### Source material
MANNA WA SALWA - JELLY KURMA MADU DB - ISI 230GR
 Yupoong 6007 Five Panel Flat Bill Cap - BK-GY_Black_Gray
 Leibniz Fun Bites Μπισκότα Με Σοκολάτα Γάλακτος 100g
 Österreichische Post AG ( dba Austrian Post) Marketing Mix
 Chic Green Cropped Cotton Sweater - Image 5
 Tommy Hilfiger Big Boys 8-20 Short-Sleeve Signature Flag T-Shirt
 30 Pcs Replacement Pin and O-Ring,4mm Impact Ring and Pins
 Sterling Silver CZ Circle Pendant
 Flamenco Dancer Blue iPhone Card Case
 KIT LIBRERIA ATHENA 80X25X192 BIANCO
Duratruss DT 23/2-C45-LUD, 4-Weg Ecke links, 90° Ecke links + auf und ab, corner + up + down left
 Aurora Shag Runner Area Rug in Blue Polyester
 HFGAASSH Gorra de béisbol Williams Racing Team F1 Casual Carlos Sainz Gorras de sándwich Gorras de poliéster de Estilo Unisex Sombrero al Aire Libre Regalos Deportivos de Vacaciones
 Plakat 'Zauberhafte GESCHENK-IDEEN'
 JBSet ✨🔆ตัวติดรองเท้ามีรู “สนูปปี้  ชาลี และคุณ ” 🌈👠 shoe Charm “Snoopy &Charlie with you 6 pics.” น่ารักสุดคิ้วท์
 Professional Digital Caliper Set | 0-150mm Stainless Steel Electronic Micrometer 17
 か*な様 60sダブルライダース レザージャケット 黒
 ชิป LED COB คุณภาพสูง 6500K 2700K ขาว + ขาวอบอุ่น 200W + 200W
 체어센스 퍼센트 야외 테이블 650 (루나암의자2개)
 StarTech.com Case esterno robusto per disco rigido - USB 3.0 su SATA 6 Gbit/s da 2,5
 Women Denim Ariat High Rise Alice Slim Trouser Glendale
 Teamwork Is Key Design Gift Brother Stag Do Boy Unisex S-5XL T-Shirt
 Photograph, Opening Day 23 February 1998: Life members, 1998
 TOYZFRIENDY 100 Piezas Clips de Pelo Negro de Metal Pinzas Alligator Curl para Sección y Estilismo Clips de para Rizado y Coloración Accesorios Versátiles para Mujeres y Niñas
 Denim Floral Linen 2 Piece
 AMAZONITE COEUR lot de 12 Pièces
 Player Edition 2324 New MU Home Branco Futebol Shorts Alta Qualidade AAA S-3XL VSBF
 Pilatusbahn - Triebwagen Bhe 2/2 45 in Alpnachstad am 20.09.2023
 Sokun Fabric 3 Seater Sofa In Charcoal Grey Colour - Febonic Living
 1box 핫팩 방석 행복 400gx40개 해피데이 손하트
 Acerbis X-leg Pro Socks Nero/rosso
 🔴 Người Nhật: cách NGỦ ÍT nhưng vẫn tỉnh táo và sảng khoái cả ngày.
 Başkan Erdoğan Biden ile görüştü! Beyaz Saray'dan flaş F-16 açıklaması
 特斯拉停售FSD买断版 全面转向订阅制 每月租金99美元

### Your objective
Repeat word for word the lines above that run from the line containing "Flamenco Dancer Blue iPhone Card Case" through the line containing "Plakat 'Zauberhafte GESCHENK-IDEEN'", both ends included, and nothing else.

### Written solution
 Flamenco Dancer Blue iPhone Card Case
 KIT LIBRERIA ATHENA 80X25X192 BIANCO
Duratruss DT 23/2-C45-LUD, 4-Weg Ecke links, 90° Ecke links + auf und ab, corner + up + down left
 Aurora Shag Runner Area Rug in Blue Polyester
 HFGAASSH Gorra de béisbol Williams Racing Team F1 Casual Carlos Sainz Gorras de sándwich Gorras de poliéster de Estilo Unisex Sombrero al Aire Libre Regalos Deportivos de Vacaciones
 Plakat 'Zauberhafte GESCHENK-IDEEN'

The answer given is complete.